The Standing Committee of China’s National People’s Congress enacted into law new refugee provisions as part of the Exit-Entry Administration Law on June 30, 2012.
China’s new law states:
Article 45. An alien who applies for status as a refugee may stay in China with a temporary identity certificate issued by a public security organ during the screening of his or her application. An alien who is determined to be a refugee may stay and reside in China with a refugee identity certificate issued by a public security organ.
Under the new provision, persons may apply for refugee status and remain in the country while being screened. It adds meat to the existing regulatory framework:
- Article 32, which provides that China “may grant asylum to foreigners who request it for political reasons.”
- China’s obligations under the 1951 Refugee Convention and 1967 Protocol Relating to the Status of Refugees.
- China’s 1985 law, which merely stated the tautology that persons approved for asylum by the Chinese government may reside in China. Under that law, there was no right to apply for asylum or to protection while awaiting the government’s decision. Nor were any implementing regulations put in place.
A refugee is legally defined by the Refugee Convention as a person who has fled his or her country because of actual persecution or “owing to well-founded fear of being persecuted” is unwilling to return to his or her country. The actual or threatened persecution must be on the because of an enumerated ground–race, religion, nationality, membership of a particular social group or political opinion.”
Parties to the Convention have an obligation to abide by the principle of “non-refoulement,” which means that “No contracting State shall expel or return (“refouler”) a refugee in any manner whatsoever to the frontiers of territories where his life or freedom would be threatened.
A country that has signed the treaty is supposed to make individual determinations regarding whether a person unwilling to return to his or her country is a refugee and is supposed to give the United Nations High Commissioner for Refugees (UNHCR) access to the asylum-seekers.
As a practical matter, it remains to be seen how China will implement its new law. There are over 300,000 refugees in China. Most are from Vietnam, Myanmar, and North Korea. But to date China has no procedure in place for determining refugee status. China has refused to allow the UN Refugee Agency (UNHCR) and international aid organizations access to persons seeking refuge in China.
UNHCR repeated this charge as recently as last week in connection with Kachin asylum seekers from Myanmar (Burma) seeking refuge in China.
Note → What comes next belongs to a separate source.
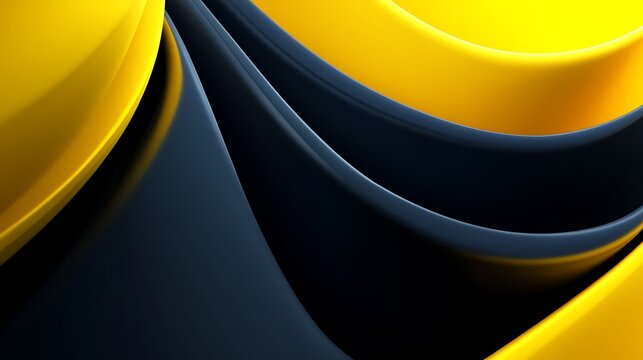 Abstract Swirling Design in Black and Yellow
Human Rights Watch reports some have been illegally repatriated by the Chinese government.
Kachin Independence Army (KIA) soldiers have been fighting against Burmese government troops across the border in Kachin State since a 17-year-old ceasefire collapsed between the two sides in June 2011. Some 10,000 Burmese are in China’s Yunnan Province in refugee camps or other settlements.
China Daily reports that, under the new law, the Ministries of Public Security and Civil Affairs may play a role in screening and providing services to asylum seekers.
China’s government sees refugees, such as from North Korea, as a potential threat to regional stability. And Beijing fears that granting refugee status to citizens of friendly neighboring governments would be considered an insult to those governments.